Two of my classes had the opportunity to see behind the “teacher curtain” this past week. It wasn’t by choice, but I welcomed the fun and visits from my wife, kids, brother, sister, and mother.
It was an authentic moment. I was surprised.
My mom, along with my two older siblings came to the school to surprise me on my birthday. They were dressed in Christmas costumes (see above). My brother told the story of me being the mascot in high school, and each of them shared their thoughts on F-451. They passed out candy and left shortly after. The entire visit lasted about ten minutes, but will live as a memory for me and my students for the rest of our lives.

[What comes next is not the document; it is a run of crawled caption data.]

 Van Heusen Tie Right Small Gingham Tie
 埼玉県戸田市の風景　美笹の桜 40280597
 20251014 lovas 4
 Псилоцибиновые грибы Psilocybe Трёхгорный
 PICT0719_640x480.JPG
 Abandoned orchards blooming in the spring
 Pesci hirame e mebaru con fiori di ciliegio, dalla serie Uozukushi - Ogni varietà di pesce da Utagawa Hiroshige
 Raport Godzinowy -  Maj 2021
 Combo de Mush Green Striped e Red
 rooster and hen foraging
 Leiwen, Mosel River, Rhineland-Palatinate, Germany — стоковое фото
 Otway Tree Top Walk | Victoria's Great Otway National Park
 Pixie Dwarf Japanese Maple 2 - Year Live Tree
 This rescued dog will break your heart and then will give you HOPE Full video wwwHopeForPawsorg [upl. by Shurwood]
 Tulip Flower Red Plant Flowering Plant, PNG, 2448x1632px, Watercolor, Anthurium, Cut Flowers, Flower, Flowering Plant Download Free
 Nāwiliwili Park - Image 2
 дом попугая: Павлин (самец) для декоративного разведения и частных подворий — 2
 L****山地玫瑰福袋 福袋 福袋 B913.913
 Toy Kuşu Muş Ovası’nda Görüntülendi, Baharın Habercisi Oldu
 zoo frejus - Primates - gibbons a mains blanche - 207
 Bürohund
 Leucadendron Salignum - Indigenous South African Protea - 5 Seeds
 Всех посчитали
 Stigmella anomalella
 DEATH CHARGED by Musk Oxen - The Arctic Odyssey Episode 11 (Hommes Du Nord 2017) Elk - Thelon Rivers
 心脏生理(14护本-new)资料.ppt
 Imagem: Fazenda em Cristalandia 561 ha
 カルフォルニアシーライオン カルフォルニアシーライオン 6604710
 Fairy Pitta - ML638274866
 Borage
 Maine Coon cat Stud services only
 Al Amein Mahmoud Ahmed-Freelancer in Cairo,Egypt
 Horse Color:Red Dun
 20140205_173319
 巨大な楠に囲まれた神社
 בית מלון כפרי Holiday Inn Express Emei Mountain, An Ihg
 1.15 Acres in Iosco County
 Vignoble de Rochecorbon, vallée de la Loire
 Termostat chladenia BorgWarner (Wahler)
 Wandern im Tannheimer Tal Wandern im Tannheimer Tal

Ten or twenty years from now a student will approach me in the mall, or at a Jazz game and tell me about the time when my family came to the school and surprised me for my birthday. They will not tell me about how much they appreciate the fact that I taught them MLA and APA format. I am not saying that we throw academics out the window, but suggest that we open the curtains every once in a while and share ourselves with our students.
I feel as teachers that we are so focused on all of the other things (which I won’t list here) that we forget to let the kids know and see that we are real people. It is like we are actors on a stage and our “real” life is what happens backstage or behind the curtains. Fourteen and fifteen-year-olds value this authenticity. They value the glimpse behind the curtain. It helps build trust in their teachers. I know this because they tell me this.